Section 13.02 of the act explicitly requires a public hospital to give notice and hold a public hearing before the hospital may reduce the services it offers or before the hospital may make its eligibility standards more restrictive. In order to reduce services the appropriate governmental body must determine that "the change would not have a detrimental impact on access to health care for the residents the hospital serves." V.T.C.S. art. 4438f, § 13.02(d).

Also in regard to section 13.02, we caution that its provisions do not allow a public hospital to make its eligibility standards more restrictive than those established by the Department of Health under section 1.06 of the act. Section 10.02(b) provides that a person is eligible for assistance from a public hospital if that person meets the basic income and resources requirements established by the Department of Health under section 1.06 of the act or if that person meets a less restrictive income and resources standard adopted by the public hospital. Section 10.02(f) provides as follows:

A public hospital may adopt a less restrictive income and resources standard at any time. If because of a change in the income and resources requirements established by the department under Section 1.06 of this Act the standard adopted by a hospital becomes stricter than the requirements established by the department, the hospital shall change its standard to at least comply with the requirements established by the department.

The act does not permit a public hospital to set eligibility standards that are more restrictive than those set by the Department of Health. Also, if the Department of Health changes its standards to make them less restrictive, a public hospital must also change its standards if they are more restrictive than the new standards established by the department. See Bill Analysis to S.B. No. 1, 69th Leg., prepared for Senate Committee on Health and Human Services, filed in Bill File to S.B. No. 1, Legislative Reference Library (one purpose of Indigent Health Care Act was to define "indigency"). Thus, a public hospital may make its eligibility standards more restrictive in accordance with the procedures set out in section 13.02 only if the new standards set are no more restrictive than those established by the Department of Health.
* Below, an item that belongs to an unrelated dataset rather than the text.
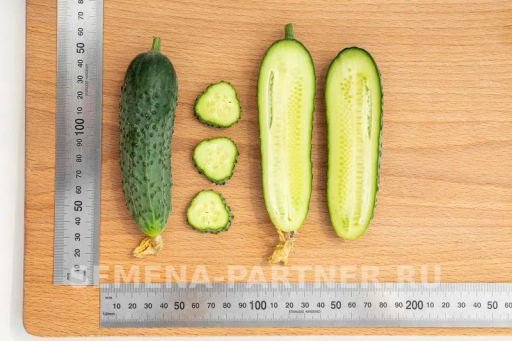 Огурец партенокарпический Меренга - Партнер фото 7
SUMMARY Under the Indigent Health Care Act, article 4438f, V.T.C.S., a public hospital must provide to eligible residents medically necessary inpatient and outpatient health-care services. The determination of what specific services are medically necessary is a question of fact. A public hospital must continue to provide services it provided during the operating year that ended before January 1, 1985. In order to reduce the services it offers or to make its eligibility standards more restrictive, a public hospital must give notice and hold a public hearing in accordance with section 13.02 of the act.

Very truly yours,

Jim Mattox Attorney General of Texas

Mary Keller Executive Assistant Attorney General

Judge Zollie Steakley Special Assistant Attorney General

Rick Gilpin Chairman, Opinion Committee

Prepared by Sarah Woelk Assistant Attorney General

1 A county subject to the act must provide not only inpatient and outpatient hospital services but also other services including physician services. Art. 4438f, § 3.01.